IREGBULEM: The cost of making money

The income tax is essentially the government-imposed cost of making money. In other words, if your tax rate is 20 percent, then making $1 costs you 20 cents. As with anything else in life, the higher the cost of something, the less of it you will demand. Therefore, it makes perfect sense that raising taxes (or, the cost of making money) would reduce people’s eagerness to make money, since it essentially makes earning money more expensive.

Despite the simple and obvious truth just described, many people willfully and knowingly argue against something that is undeniably true: Raising taxes causes people to work less, and therefore earn less.

This behavior reflects simple downward-sloping demand, and yet so many ignore it just to satisfy their political leanings. If we can all agree that higher food prices will hurt anyone with some desire to consume food (i.e., everyone), or that higher oil prices will hurt anyone whose life is directly affected by oil production (i.e., everyone), then why can’t we all agree that artificially raising the price of making money is going to harm anyone who makes money and has some level of income (i.e., just about everyone)?

The arguments reach true absurdity when discussing taxation of the rich. The common line of reasoning is that, since the rich have so much money and have such high incomes, they either don’t respond strongly to changes in taxation or simply don’t care.

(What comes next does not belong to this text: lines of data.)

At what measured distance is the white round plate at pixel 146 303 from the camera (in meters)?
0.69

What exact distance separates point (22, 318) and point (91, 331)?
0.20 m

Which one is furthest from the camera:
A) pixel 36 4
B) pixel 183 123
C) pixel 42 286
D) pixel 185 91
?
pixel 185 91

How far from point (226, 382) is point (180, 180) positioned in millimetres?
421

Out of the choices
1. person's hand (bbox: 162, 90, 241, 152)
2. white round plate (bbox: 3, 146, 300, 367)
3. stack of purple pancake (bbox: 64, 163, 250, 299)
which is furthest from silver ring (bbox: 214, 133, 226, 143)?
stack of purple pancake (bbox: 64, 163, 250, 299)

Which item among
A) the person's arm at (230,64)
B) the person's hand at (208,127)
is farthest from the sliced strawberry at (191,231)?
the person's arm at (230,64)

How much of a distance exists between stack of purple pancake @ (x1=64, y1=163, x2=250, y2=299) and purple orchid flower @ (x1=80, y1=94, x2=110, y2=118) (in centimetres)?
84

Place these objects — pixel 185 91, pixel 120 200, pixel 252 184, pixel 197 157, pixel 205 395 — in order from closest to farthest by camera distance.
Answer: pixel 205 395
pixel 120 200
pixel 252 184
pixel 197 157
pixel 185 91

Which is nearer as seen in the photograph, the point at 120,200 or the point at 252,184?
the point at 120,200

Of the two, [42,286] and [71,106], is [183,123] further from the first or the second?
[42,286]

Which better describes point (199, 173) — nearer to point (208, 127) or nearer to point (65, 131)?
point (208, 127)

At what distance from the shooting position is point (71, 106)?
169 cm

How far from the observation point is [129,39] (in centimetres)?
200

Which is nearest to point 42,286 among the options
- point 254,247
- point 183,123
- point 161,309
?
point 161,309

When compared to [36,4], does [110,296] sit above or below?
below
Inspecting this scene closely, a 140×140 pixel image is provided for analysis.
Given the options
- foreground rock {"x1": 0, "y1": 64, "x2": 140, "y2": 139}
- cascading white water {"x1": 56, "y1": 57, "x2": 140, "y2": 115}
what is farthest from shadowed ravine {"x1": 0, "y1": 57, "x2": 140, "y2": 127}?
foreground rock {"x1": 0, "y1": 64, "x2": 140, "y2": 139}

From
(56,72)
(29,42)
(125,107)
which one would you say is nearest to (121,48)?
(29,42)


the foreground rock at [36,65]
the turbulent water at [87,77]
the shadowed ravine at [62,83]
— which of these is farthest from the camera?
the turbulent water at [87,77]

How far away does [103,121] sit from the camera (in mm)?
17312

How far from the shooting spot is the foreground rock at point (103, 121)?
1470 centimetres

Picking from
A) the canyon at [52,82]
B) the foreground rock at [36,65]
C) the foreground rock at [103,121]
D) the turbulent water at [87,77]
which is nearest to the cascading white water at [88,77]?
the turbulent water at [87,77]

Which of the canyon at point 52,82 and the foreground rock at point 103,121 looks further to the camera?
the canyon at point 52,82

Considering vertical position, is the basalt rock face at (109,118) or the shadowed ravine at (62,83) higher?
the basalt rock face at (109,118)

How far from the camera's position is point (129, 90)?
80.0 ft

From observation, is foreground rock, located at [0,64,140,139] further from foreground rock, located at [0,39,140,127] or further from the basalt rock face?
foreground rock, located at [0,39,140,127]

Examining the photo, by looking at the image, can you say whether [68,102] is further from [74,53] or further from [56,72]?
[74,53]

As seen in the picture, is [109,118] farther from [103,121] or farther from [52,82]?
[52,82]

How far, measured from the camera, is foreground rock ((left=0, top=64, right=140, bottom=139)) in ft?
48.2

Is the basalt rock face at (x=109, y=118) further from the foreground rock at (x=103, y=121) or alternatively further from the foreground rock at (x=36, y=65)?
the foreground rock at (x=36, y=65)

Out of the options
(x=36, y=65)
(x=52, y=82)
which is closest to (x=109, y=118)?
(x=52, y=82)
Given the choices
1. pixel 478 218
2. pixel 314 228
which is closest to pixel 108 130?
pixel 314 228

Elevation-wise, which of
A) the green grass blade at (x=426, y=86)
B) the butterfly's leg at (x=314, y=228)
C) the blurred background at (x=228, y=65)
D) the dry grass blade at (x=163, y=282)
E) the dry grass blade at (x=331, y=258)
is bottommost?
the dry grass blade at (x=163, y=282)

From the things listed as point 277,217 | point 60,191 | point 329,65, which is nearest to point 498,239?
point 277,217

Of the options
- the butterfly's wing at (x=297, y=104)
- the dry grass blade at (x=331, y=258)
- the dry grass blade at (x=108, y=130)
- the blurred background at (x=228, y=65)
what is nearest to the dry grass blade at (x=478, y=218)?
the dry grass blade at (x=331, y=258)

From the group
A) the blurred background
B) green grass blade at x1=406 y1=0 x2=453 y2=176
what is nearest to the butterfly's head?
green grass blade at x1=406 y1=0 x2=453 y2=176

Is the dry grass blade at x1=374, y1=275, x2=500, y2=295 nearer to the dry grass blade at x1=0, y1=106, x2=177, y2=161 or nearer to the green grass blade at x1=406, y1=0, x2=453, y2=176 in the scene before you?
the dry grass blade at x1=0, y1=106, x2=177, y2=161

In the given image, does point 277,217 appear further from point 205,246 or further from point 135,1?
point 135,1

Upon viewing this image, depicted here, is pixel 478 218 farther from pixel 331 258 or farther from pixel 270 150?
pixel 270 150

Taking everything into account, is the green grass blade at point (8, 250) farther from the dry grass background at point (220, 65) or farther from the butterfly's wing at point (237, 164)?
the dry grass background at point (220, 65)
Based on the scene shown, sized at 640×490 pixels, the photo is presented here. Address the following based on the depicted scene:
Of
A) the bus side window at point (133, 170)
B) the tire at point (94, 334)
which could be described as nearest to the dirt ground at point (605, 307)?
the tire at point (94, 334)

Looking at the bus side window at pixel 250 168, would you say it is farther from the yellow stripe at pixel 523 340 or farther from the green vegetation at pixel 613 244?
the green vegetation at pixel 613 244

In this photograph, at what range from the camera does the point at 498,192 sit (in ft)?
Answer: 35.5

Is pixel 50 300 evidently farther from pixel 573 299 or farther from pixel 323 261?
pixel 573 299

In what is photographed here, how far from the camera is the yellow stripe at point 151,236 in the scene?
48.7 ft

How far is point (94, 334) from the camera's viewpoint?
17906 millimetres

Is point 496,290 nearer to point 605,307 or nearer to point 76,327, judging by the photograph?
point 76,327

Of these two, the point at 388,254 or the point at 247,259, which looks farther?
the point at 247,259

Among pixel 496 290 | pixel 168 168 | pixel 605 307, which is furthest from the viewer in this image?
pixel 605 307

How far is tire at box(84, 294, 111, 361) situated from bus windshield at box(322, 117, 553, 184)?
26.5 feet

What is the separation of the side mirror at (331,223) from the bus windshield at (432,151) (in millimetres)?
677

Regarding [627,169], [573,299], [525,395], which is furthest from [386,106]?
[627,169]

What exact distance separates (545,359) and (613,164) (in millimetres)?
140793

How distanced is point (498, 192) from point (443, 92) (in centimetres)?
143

This argument does have some intuitive appeal; it makes sense to think that someone who already has a large amount of something wouldn’t care much if the cost of acquiring even more increased.

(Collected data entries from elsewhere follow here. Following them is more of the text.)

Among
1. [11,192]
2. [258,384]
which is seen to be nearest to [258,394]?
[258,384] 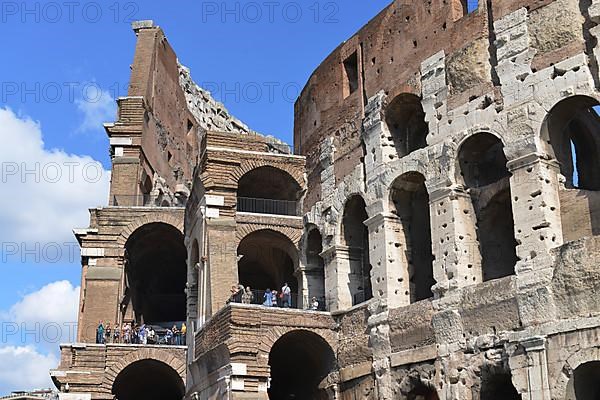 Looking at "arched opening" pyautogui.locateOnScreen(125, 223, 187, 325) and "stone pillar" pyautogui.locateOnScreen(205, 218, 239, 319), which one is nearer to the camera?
"stone pillar" pyautogui.locateOnScreen(205, 218, 239, 319)

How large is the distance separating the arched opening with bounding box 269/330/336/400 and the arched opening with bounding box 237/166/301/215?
3.86 meters

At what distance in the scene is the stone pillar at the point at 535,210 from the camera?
1581 centimetres

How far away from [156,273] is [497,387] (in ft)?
57.4

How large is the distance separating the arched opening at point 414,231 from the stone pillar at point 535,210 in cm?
345

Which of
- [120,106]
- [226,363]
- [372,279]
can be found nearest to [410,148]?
[372,279]

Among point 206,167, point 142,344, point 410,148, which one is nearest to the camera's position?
point 410,148

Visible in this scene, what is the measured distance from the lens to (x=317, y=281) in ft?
75.5

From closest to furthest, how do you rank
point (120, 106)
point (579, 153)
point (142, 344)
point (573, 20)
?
1. point (573, 20)
2. point (579, 153)
3. point (142, 344)
4. point (120, 106)

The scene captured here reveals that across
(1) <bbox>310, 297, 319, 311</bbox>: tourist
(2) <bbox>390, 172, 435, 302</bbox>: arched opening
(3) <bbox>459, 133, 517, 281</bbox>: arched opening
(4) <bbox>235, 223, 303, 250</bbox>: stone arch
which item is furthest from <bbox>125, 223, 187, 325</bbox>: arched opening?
(3) <bbox>459, 133, 517, 281</bbox>: arched opening

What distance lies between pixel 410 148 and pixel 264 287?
9272mm

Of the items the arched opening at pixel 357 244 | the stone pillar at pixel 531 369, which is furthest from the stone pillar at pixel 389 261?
the stone pillar at pixel 531 369

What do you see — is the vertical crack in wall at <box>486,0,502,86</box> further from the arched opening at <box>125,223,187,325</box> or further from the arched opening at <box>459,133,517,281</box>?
the arched opening at <box>125,223,187,325</box>

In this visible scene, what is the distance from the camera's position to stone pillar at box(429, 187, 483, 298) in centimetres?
1752

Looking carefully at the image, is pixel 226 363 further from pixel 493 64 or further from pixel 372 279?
pixel 493 64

However, I find it odd that some of the same people who claim that the rich are not responsive to taxes and are not very much harmed or affected by them will, at the same time, claim that the rich are greedy people who tightly cling to their money and are eager to accumulate even more. One cannot claim that the rich both desperately want to make more money but simultaneously don’t mind having it taken away from them, and yet this is the exact argument made by many who wish to “soak the rich.”

In fact, data shows that the claim that the rich are not responsive to taxes is entirely false. Not only that, the data also shows that higher-income people are in fact the most responsive to taxation of all income groups. A paper written by liberal economists Jon Gruber and Emmanuel Saez in 2000 showed that taxpayers with annual incomes of $100,000 or more had a taxable income elasticity of 0.57, which means that a 10 percent increase in tax rates would lead these taxpayers to reduce their taxable income by 5.7 percent, a sizable reduction. Taxpayers with income below $100,000, however, only had an elasticity of 0.18, meaning that the same increase in taxation would cause them to reduce their taxable income by 1.8 percent. This data soundly destroys the argument that the rich don’t react to taxation.

Now, what is the policy implication? The implication is that, instead of focusing so much on taxing the rich and making them “pay their fair share,” which they already do (the top 1 percent paid 28.9 percent of their income in federal taxes in 2009, whereas the middle quintile of households paid only 11.1 percent), more emphasis needs to be placed on reforming our broken, loophole-ridden tax system. A large amount of this sensitivity to taxation that Gruber and Saez show can be explained by the litany of tax loopholes and exemptions that the rich have access to, along with the accountants they can afford to help them find these tricks. With so many methods of reducing taxable income at the disposal of higher-income individuals and families, it should come as no surprise that they are the best at hiding money from Uncle Sam.

Loopholes and exemptions distort taxpayers’ behavior and the wider economy, as any economist would agree. Many economists also agree that low tax rates levied on a broad base of income earners are the most efficient way to tax income. The rich are just as responsive, if not more responsive to changes in taxation. Until we fix the loopholes, they will respond in force to any increase in taxation, as the data convincingly shows.